Kabul etmeyen tek bir kişi oldu, o da Sabah Gazetesi yazarı Hıncal Uluç! Ülkenin Başbakan’ı dahil, hemen her kesim, hukuk çevreleri, iktidara yakın veya uzak tüm basın mensupları tarafından doğru bulunmayan bu ifadelere tek sahip çıkan o oldu. Dünkü köşesinde, “Kırın bacaklarını, o alçakları yaşatmayın!” başlığı altında kaleme aldığı yazıda Soylu’nun ifadelerinin çok doğru ve yerinde olduğunu söyleyen Uluç, bu sözleri doğru bulmayan Başbakan dahil tüm siyasileri de yerden yere vurdu.
Şimdi... Yerim dar, onun yazdıklarını burada tekrar etmeyeceğim ama şunu belirteyim baştan, Hıncal Ağabey’in Bakan Soylu’nun sözlerine destek amacıyla yazdıkları dışında her şeyin altına imzamı atıyorum. Uyuşturucu satıcıları hakkında yazdıklarında yüzde yüz haklı. Kim ki bu işten para kazanmak için çocuklar değil sadece tüm insanları zehirliyor, Allah onların belasını versin. Bir değil, bin kez versin. Allah korusun, oğluma birinin uyuşturucu sattığına filan şahit olur da yakalarsam, değil bacaklarını kırmak, elimden gelse öldürürüm o şerefsizi. Ama ben bunu bir ana olduğum için ancak düşünebilirim. Sıradan bir yurttaş olduğum için ancak öfkemden, nefretimden dile getirebilirim ama bu ülkenin bir bakanı, yetkin bir ismi, polisi, savcısı bu tür cümleleri kuramaz! Kurmamalı. Zira bugün uyuşturucu satıcılığı konusunda, yarın hırsızlık, öbür gün gasp konusunda polisin görevi suçlu gördüğü kişinin bacağını ve kafasını kırmaya doğru evrilirse Türkiye Teksas’ın eski günlerini aratmayacak bir hale dönüşür. Hıncal Ağabey’i bilmem ama şahsen ben böyle suçlu bulunanın kafasının, bacağının kırılacağı bir Türkiye’de yaşamak istemem.

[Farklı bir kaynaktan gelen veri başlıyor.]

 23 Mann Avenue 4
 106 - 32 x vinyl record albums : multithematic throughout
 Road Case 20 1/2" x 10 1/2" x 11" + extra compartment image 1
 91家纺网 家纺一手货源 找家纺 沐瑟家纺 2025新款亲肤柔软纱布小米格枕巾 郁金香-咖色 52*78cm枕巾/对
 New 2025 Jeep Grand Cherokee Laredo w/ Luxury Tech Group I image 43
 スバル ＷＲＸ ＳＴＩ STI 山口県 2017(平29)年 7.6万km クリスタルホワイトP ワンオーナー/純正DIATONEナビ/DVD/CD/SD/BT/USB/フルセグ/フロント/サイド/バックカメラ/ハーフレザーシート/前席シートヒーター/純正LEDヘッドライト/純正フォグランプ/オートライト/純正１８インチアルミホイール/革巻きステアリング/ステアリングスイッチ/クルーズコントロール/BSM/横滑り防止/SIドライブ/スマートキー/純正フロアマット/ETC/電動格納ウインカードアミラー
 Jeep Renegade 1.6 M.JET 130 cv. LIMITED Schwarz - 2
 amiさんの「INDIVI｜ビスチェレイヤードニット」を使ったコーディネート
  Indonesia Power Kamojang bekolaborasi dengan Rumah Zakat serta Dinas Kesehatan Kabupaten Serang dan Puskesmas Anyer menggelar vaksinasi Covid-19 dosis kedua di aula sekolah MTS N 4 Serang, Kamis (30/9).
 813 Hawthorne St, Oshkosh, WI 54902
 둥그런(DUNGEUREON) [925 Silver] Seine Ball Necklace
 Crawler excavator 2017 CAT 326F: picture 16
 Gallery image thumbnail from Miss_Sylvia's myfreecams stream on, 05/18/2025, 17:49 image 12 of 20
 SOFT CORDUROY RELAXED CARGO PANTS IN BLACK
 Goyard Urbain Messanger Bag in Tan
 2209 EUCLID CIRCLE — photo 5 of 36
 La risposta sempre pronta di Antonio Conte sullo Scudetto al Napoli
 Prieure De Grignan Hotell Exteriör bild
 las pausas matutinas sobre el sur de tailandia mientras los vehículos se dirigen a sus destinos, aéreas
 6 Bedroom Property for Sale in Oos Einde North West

Bir nokta daha var dikkat çekmek istediğim; elbette ki uyuşturucu büyük bela ve mücadele de hukuki olmak şartıyla radikalliği hak ediyor. Ancak devletin ve özellikle kolluk kuvvetlerinin asıl yapması gereken şey, önce insanları uyuşturucunun zararları konusunda doğru bir biçimde eğitip uzak durabilmelerini sağlamaktır ve sonra da insanın içine şeytan ruhu zikreden belayı satışa çıkmadan, piyasaya düşmeden engellemektir. Bence bunu başarabilen devlet, bunu başarabilen polis, bunu başarabilen toplum ancak uyuşturucu karşısında mücadelede zafer kazanabilir. Aksi maalesef mümkün değildir! Hem de hiç!